Le contenu de ses chansons est fidèle à une tradition jamaïcaine que l'on retrouve dès les débuts du ska, et dont les trois principaux thèmes sont partagés à peu près également dans son œuvre : on y trouve d'abord des chansons d'amour. À partir de 1974 surtout, des compositions violemment contestataires où Marley défie l'autorité, un oppresseur qu'il résume sous le terme utilisé dans la Bible pour les païens : Babylone. Et, il fait découvrir au monde les racines africaines spirituelles et historiques de la civilisation en présentant la culture syncrétique d'un mouvement marginal jamaïcain qui prône le rapprochement de tous les hommes, le Rastafari.

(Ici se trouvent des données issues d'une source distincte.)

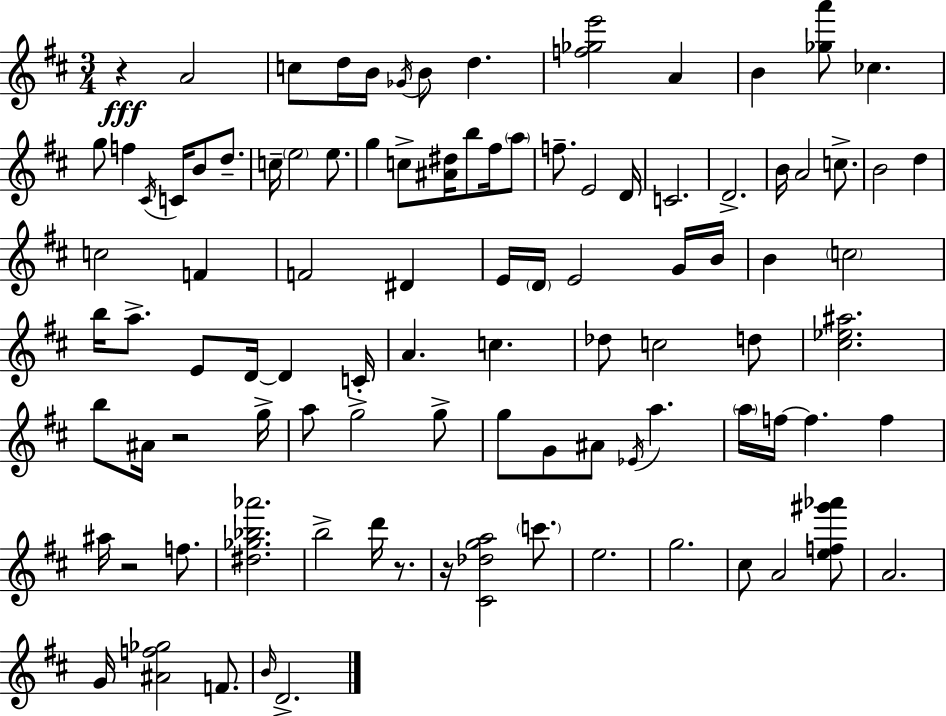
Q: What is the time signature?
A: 3/4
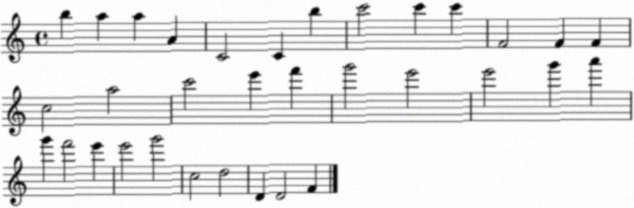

L'assassinat de Sélassié en 1975 par une junte militaire sanguinaire lui fera chanter le 45 tours "Jah Live". Les rastas, persécutés pour blasphème dans la très chrétienne Jamaïque, se reconnaissent aux nattes naturelles (Natty Dread) qu'ils portent souvent et sont souvent condamnés pour leur consommation …

Engagement et Messages

Bob Marley était plus qu'un simple musicien. Ses chansons véhiculaient des messages d'amour, de paix, de justice sociale et de résistance contre l'oppression. Il s'est engagé contre l'impérialisme occidental, a soutenu la lutte pour l'indépendance du Zimbabwe et a dénoncé les inégalités économiques.

Ses textes spirituels et culturels, imprégnés des valeurs rastafari, ont touché un public mondial et ont contribué à l'affirmation et à la valorisation d'une identité noire. Bob Marley est devenu une icône de la contestation pacifique et de la légitime défense, un symbole d'émancipation et de liberté.